В основу расследования каждого самоубийства положено решение трех неизвестных: а) самоубийство или замаскированное убийство? б) если самоубийство неоспоримо, – причины его? в) не было ли виновных, вынудивших икса совершить самоубийство?

На первые два вопроса нужно всегда отвечать в самом начале следственного производства.

Свидетельство двух прачек само по себе исключало любую версию о насильственной смерти. Таким образом, ответ на первый вопрос может считаться решенным: да, самоубийство!

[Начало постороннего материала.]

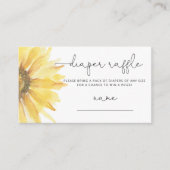 Verlosung für Sonnenblumen Begleitkarte (Vorderseite)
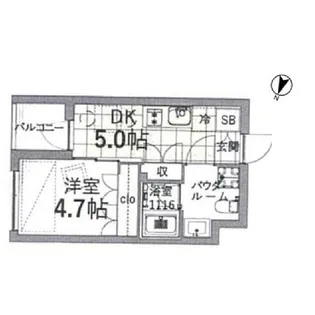 TAS上北沢レジデンス【3階】の間取り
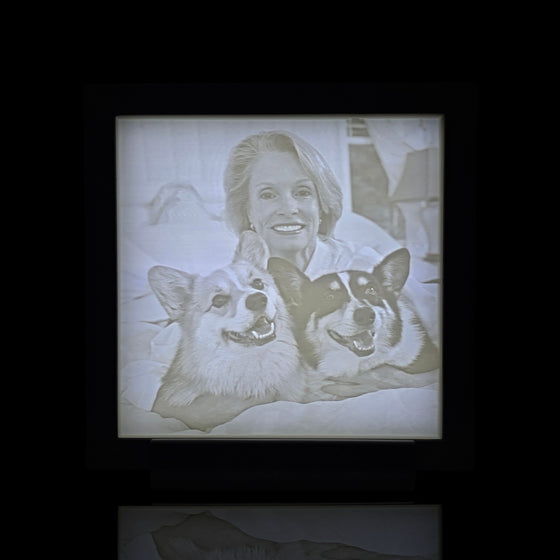 Light on - illuminated lithophane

Итак, надо приступать к решению неизвестного «б». О неизвестном «в» заботиться еще рано. Да и практика показывает, что с этим пунктом следователь встречается чрезвычайно редко. Существует он больше ради проформы.

Заместитель председателя РИКа Пастухов, с которым Никодимову приходилось чаще всего общаться по службе, на допросе сказал:

– Последние дни он все какой-то сумной ходил… Вроде – сам не свой… Я его спрашиваю: что, мол, с тобой, Аркадий? Может, говорю, с женой нелады или еще что случилось? Он ответил: так, просто так, говорит, товарищ Пастухов… Грусть беспричинная… На меня, говорит, весной всегда находит тяжелое настроение… Не беспокойся. Пройдет!

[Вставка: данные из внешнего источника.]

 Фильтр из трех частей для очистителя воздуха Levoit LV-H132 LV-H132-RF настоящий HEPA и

Покончив с первыми краткими вопросами, я созвонился с Дьяконовым:

– Сходим к нему на квартиру, Павлыч?

– Обязательно… Заходи за мной, тебе по пути.

Жена Никодимова, худенькая болезненная женщина, в эти трагические дни отсутствовала – лечилась от туберкулеза в далеком санатории. Районные власти послали ей телеграмму, составленную в осторожных выражениях…

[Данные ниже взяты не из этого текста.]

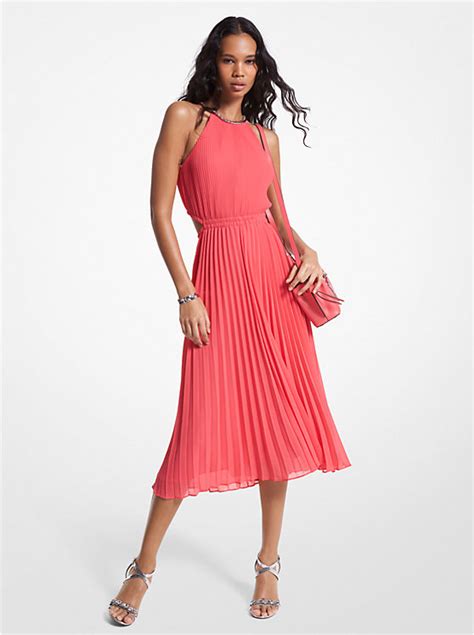 michael kors cap sleeve dress|Michael Kors georgette dress.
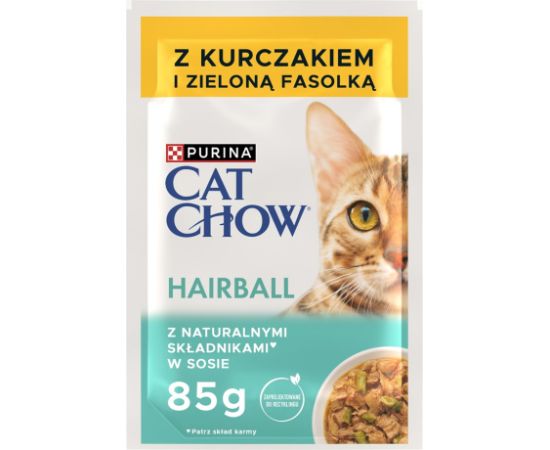 PURINA Cat Chow Hairball Chicken and Beans - wet cat food - 4 x 85g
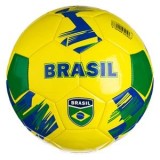 Minge de fotbal Nr. 5, design Brazilia, Galben, CMCLASS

Супруги, к счастью, были бездетны.

Комната Никодимова, если и поражала чем, то лишь аккуратностью и чистотой. Простая самодельно-крестьянская мебель, окрашенная «вохрой», аж блестит – до того вымыта! Помнится, еще моя квартирная хозяйка говорила, что к Никодимовым ходит делать уборку и мыть полы некая Нюрка, санитарка больницы.

В шкафу скромная одежда, белье, охотничьи принадлежности.

В единственном ящике стола, покрытого чистейшей скатертью, разная мужская мелочь, замки ружья и – обе пружины поломаны. Само ружье с отвинченными замками стоит в углу за койкой.

Мы с Дьяконовым переглянулись: вот почему река, а не пуля!

Внимание привлекла выпуклость скатерти на столе. Подняв скатерть, увидали толстую тетрадь, сшитую из нескольких школьных.

Единственная запись в тетради – незаконченное стихотворение.

Жизнь моя – измученная кляча…

Приведенная в обдирный двор.

Что же… Я спокоен. Я не плачу,

Собственный встречая приговор…

Знаю я, что солнце не потухнет,

Петь в лесу не перестанет соловей,

Если…

Здесь стихотворение обрывалось и конец страницы был наискосок разорван широкой чертой острого пера. Сломанное перо торчало в ученической ручке, валявшейся под столом…

– Черт, как воняет! – поморщился Виктор Павлыч. – И лекарством каким-то пахнет, и особенно… Чувствуешь? Керосином…

Действительно, в комнате пахло керосином.

– Наверное, пролили… Ну, давай посмотрим постель.

На постели не было ничего интересного.

– Ни-че-го!.. – вслух сказал я.

– А знаешь, керосином-то пахнет от матраца, – отозвался Дьяконов. – Клопов выводили… Ну, попробуем поговорить с хозяйкой…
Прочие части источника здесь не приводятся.